As for Murdoch, his travails are being widely reported, and I''ll be brief here. First, I've long viewed him as a ruthless political wheeler-dealer whouses news organizations such as Fox News primarily to augment his wealth and power, not for journalistic purposes. On a lighter note, Murdoch used to own a condominum on the same floor in Washington where I live and where I served for years on the condo board. Murdoch rarely stayed there, and doubtless acuired it for political and business reasons.
His condo had a magnificent view of Pennsylvania Avenue, the Justice Department and National Archives similar to the view in the photo above of the Obama Inaugural from a nearby balcony. It used to strike me as ironic that Murdoch's elaborate renovations for his party palace intensely irritated U.S. Rep. Tillie Fowler (R-FL), his downstairs neighbor. A powerful leader on the Armed Service Committee before her passing, Fowler repeatedly complained at our condo board meetings about noise from Murdoch's unit. In case it matters, your scribe moved to this locale in 1992 shortly after its construction when prices were more attuned to commoners than to press lords.
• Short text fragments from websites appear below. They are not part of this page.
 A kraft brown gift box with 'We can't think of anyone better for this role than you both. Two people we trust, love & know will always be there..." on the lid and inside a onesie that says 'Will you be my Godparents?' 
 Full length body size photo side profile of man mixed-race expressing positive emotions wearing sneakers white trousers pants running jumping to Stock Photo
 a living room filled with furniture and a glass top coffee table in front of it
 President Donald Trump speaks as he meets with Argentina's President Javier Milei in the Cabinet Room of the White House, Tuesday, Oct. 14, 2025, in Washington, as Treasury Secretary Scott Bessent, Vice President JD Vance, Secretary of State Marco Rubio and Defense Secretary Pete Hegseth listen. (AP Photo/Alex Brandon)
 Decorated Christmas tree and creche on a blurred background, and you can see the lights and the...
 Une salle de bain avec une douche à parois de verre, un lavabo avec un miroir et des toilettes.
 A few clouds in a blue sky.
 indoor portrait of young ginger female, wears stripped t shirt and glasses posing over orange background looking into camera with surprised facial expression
More seriously, Murdoch and his financial empire are justifiably under intense investigation under both sides of the Atlantic. However, a key part of our Project's non-partisan mission is to raise questions about Murdoch's treatment and to urge our readers to keep an open mind. It troubles me, for example, that federal officials such as Attorney Gen. Eric Holder announced with great fanfare the beginning of an investigation against Murdoch -- but piously insist in other cases that they can have no comment because those matters "are under investigation." Similarly, evidence of phone hacking in the United Kingdom is not the same as solid evidence of similar conduct in the United States. As a prediction, Murdoch still has many powerful friends and will doubtless mount a comeback as long as his health remains sound. He is not rally facing a funeral, and does not need help from the public. Instead, we in the public and media serves our own best interests in these dangerous times if all investigations, including his, are undertaken fairly.
So, let the games begin. But only under the kind of due process and fair-and-balanced commentary that we would each want for ourselves in a similar position -- and for our country at all times.